### Assignment
Return all the lines below exactly as written. Drop every picture.

### Recorded information
↓↓↓
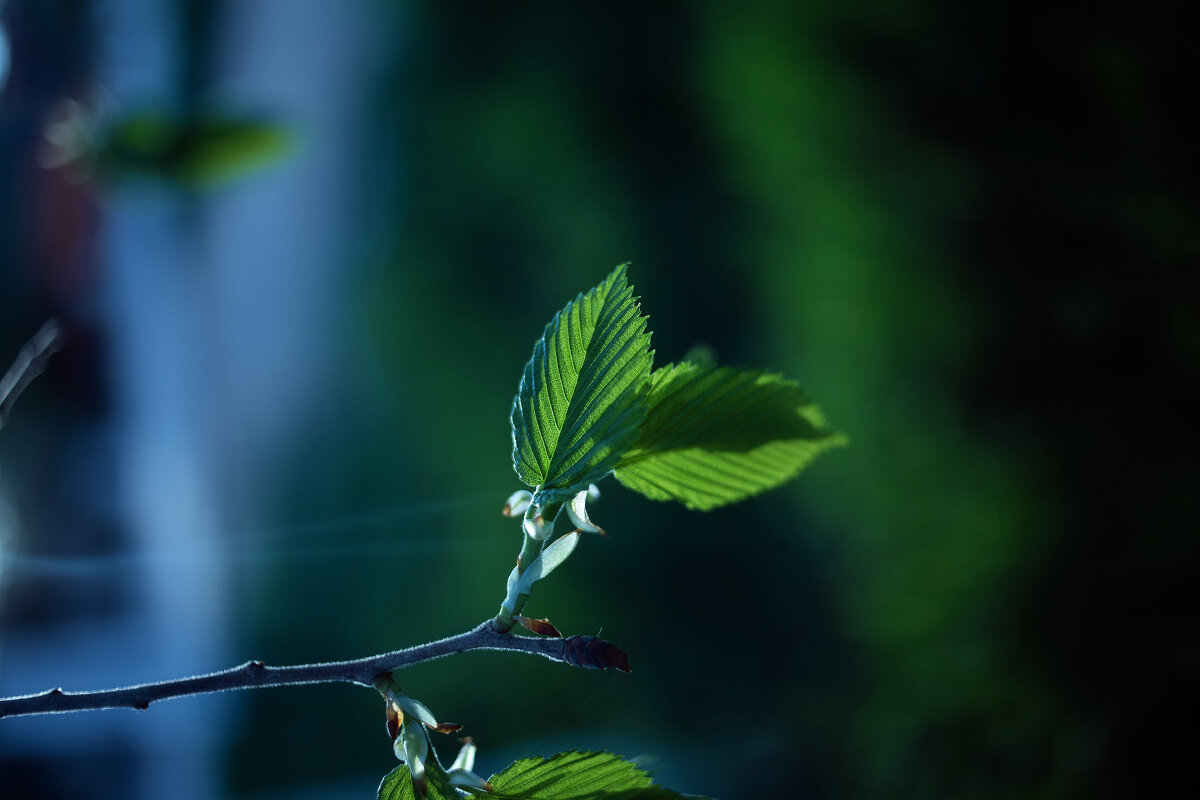 *** - Яна Горбунова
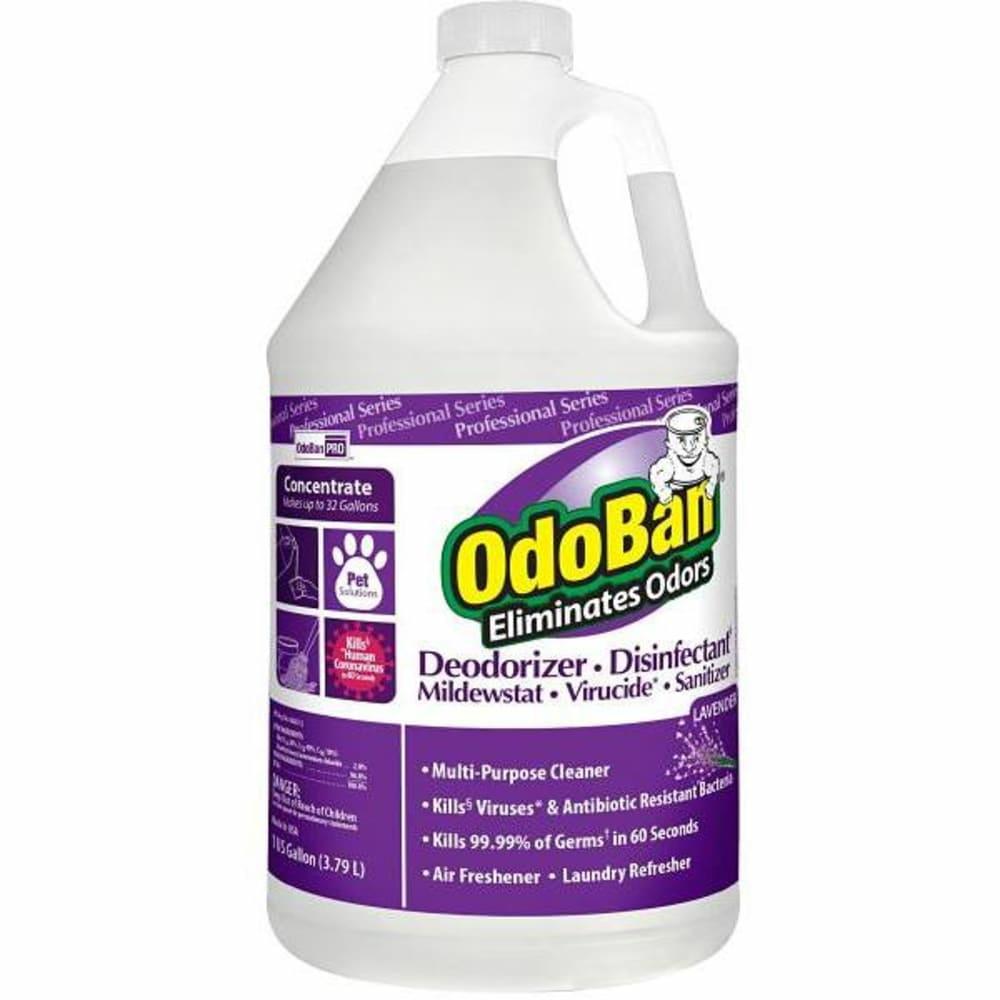 1 Gallon Deodorizing Disinfectant Concentrate (Lavender)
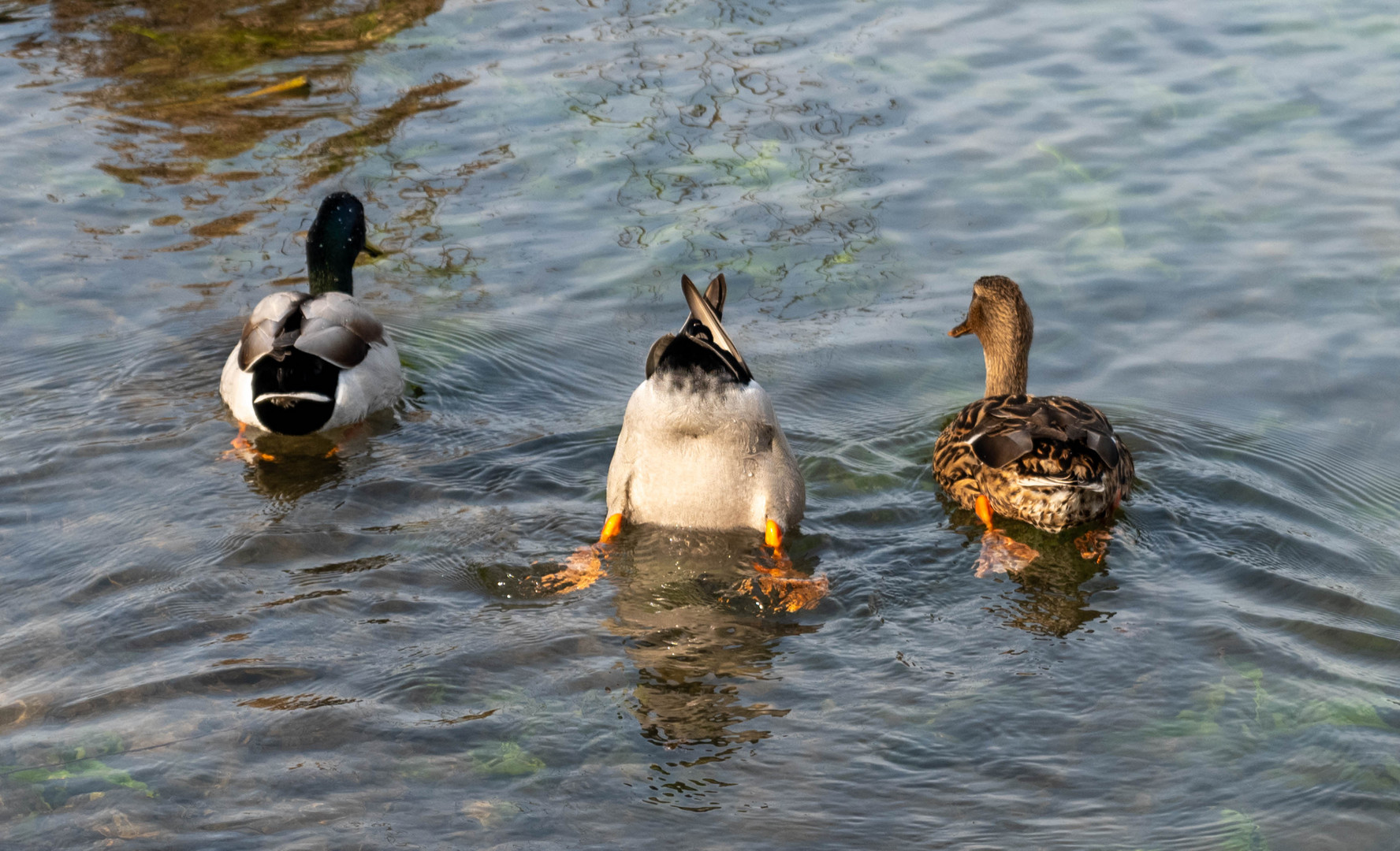 canard Incheville 2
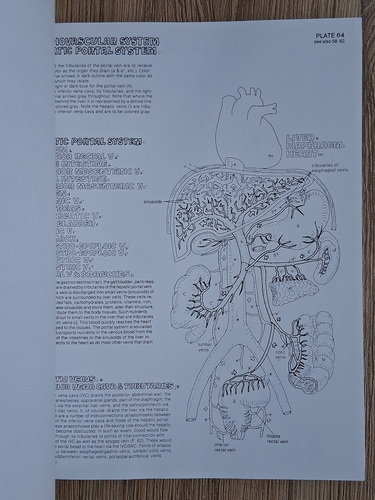Wynn Kapit - The anatomy coloring book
↑↑↑
### Written solution
 *** - Яна Горбунова
 1 Gallon Deodorizing Disinfectant Concentrate (Lavender)
 canard Incheville 2
Wynn Kapit - The anatomy coloring book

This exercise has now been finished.